_PROBLEM TO WORK ON_
Copy the listing as it is written, and leave each picture out.

_PROVIDED MATERIAL_
------------------------------------------------------------------------

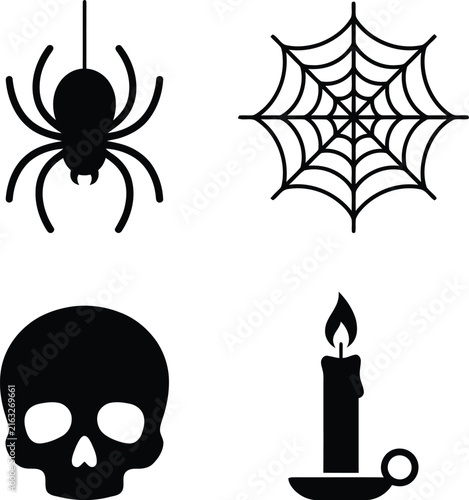 A collection of traditional halloween imagery featuring a spooky spider web a human skull and a flickering burning candle in a black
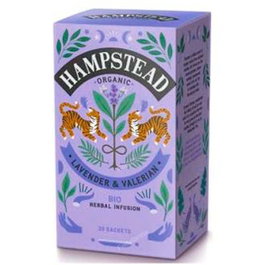 HAMPSTEAD Infusion Bio Lavande-Valériane - 20 Sachets, sans caféine, pour le sommeil, vegan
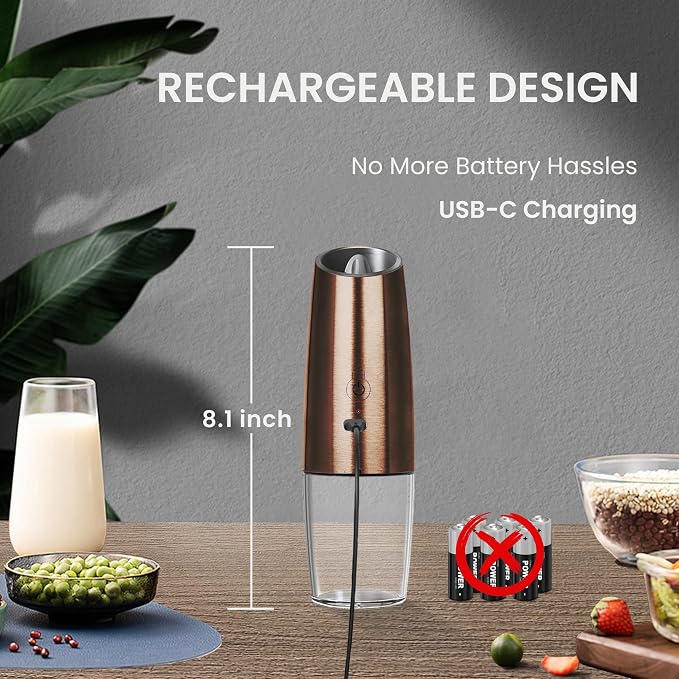 Rechargeable Salt And Pepper Grinder Set with LED Light, Automatic Electric Gravity Salt And Pepper Shakers Set, No Battery Needed, Adjustable Roughness, 2 Pack (Copper)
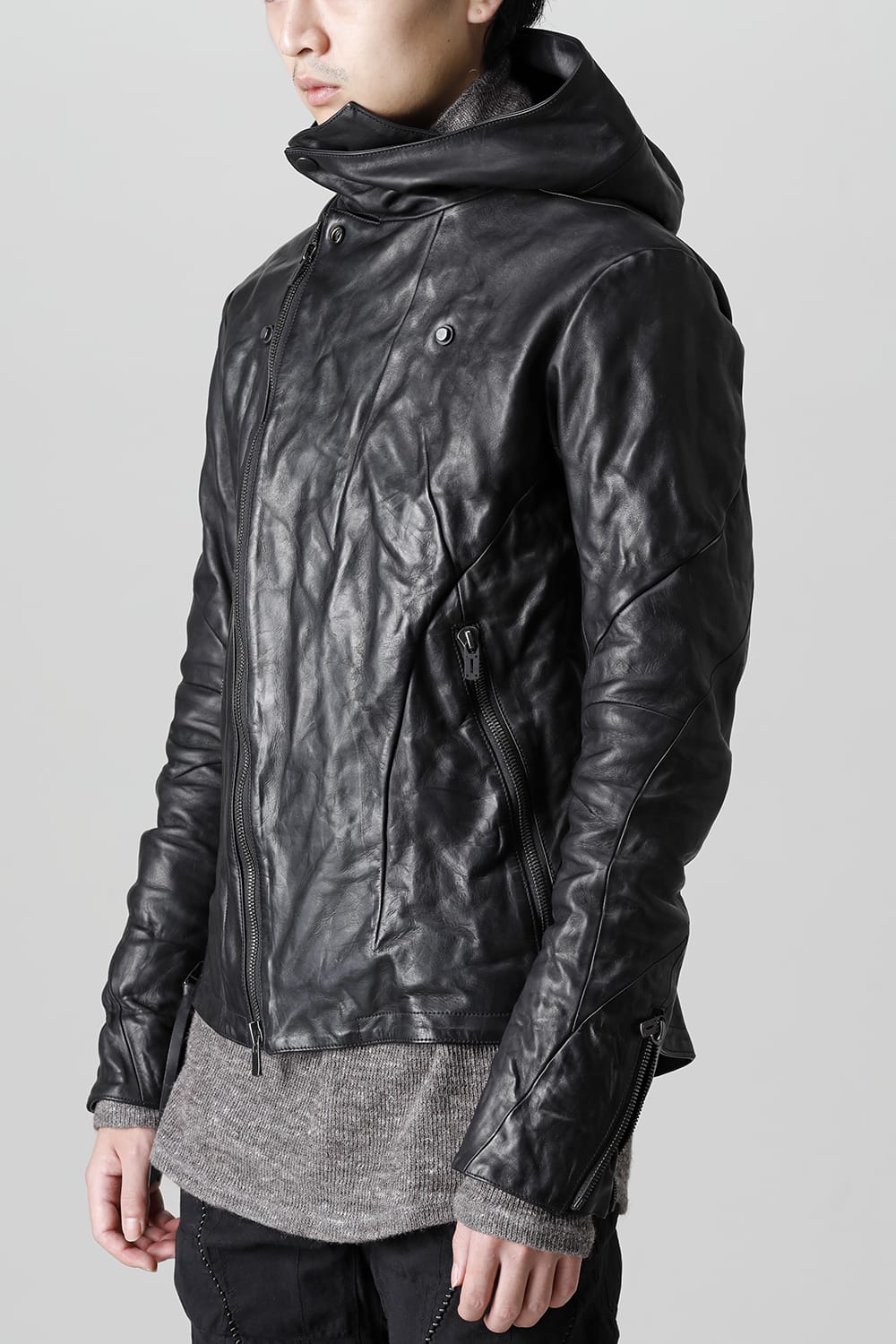 Horse Leather Hooded Double-Riders Jacket Black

------------------------------------------------------------------------

_EXERCISE SOLUTION_
 A collection of traditional halloween imagery featuring a spooky spider web a human skull and a flickering burning candle in a black
 HAMPSTEAD Infusion Bio Lavande-Valériane - 20 Sachets, sans caféine, pour le sommeil, vegan
 Rechargeable Salt And Pepper Grinder Set with LED Light, Automatic Electric Gravity Salt And Pepper Shakers Set, No Battery Needed, Adjustable Roughness, 2 Pack (Copper)
 Horse Leather Hooded Double-Riders Jacket Black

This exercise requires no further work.